The health and fitness genre includes a variety of apps. The number of extremely popular apps that skew the average is much lower in comparison with other genres, so this market shows potential. Let's try to get some app ideas based on the kind of apps that are somewhere in the middle in terms of popularity (between 1,000,000 and 100,000,000 downloads):

In [32]:
for row in android_en_free:
    name = row[0]
    genre = row[1]
    if genre == 'HEALTH_AND_FITNESS' and (row[5] == '1,000,000+'
                                      or row[5] == '5,000,000+'
                                      or row[5] == '10,000,000+'
                                      or row[5] == '50,000,000+'):
        print (name,': ',row[5])

Lose Belly Fat in 30 Days - Flat Stomach :  5,000,000+
Pedometer - Step Counter Free & Calorie Burner :  1,000,000+
Six Pack in 30 Days - Abs Workout :  10,000,000+
Lose Weight in 30 Days :  10,000,000+
Pedometer :  10,000,000+
LG Health :  10,000,000+
Step Counter - Pedometer Free & Calorie Counter :  10,000,000+
Pedometer, Step Counter & Weight Loss Tracker App :  10,000,000+
Sportractive GPS Running Cycling Distance Tracker :  1,000,000+
30 Day Fitness Challenge - Workout at Home :  10,000,000+
Home Workout for Men - Bodybuilding :  1,000,000+
Sleep Sounds :  1,000,000+
Fitbit :  10,000,000+
Calorie Counter - EasyFit free :  1,000,000+
Garmin Connect™ :  10,000,000+
BetterMe: Weight Loss Workouts :  5,000,000+
Bike Computer - GPS Cycling Tracker :  1,000,000+
Running Distance Tracker + :  1,000,000+
Runkeeper - GPS Track Run Walk :  10,000,000+
Walking: Pedometer diet :  1,000,000+
8fit Workouts & Meal Planner :  10,000,000+
Keep Trainer - Workout Trainer & Fitness Coach :  1,000,00

This segment seems to be dominated by software for counting calories burned, steps or tracking exercise, so it's probably not a good idea to build similar apps since there'll be some significant competition.

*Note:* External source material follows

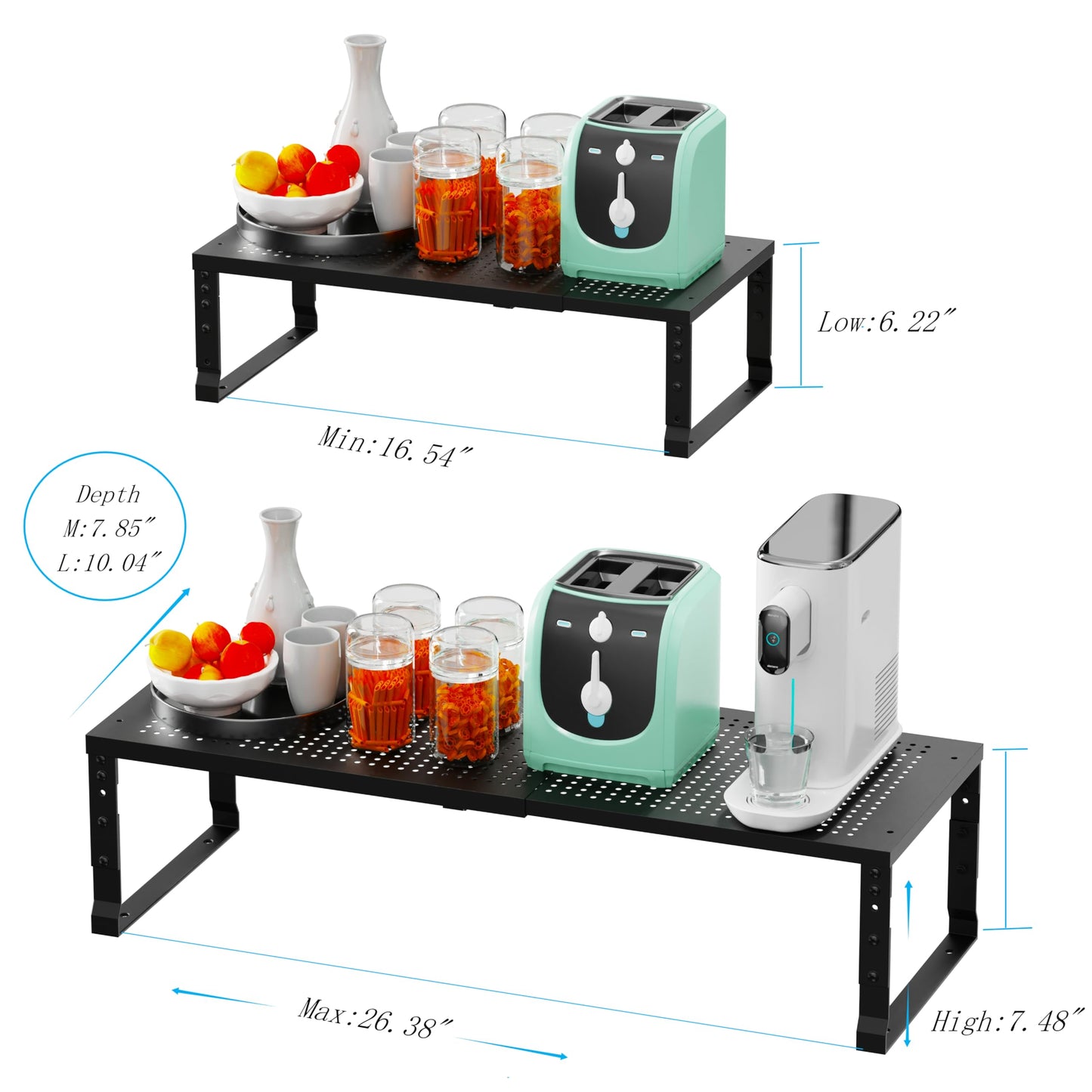 Wobmmi Expandable Spice Rack Kitchen Cabinet Shelf Organizer, Stackable Storage Shelves Racks, Adjustable Counter Shelving for Cabinets, Countertop, Cupboard,Pantry and More(2Packs/Black/Large)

As the market is full of apps, we will need to add some special features besides the ones already offered. This might include a combination of different features integrated into one, daily goals notifications, amount of exercise left to fulfill the goal, reminders, a forum where people can motivate each other, etc.

# Conclusions

In this project, we analyzed data about the App Store and Google Play mobile apps with the goal of recommending an app profile that can be profitable for both markets.

We concluded that creating a fitness app that integrates all of the seen features into one and adding other desirable features could be profitable for both the Google Play and the App Store markets.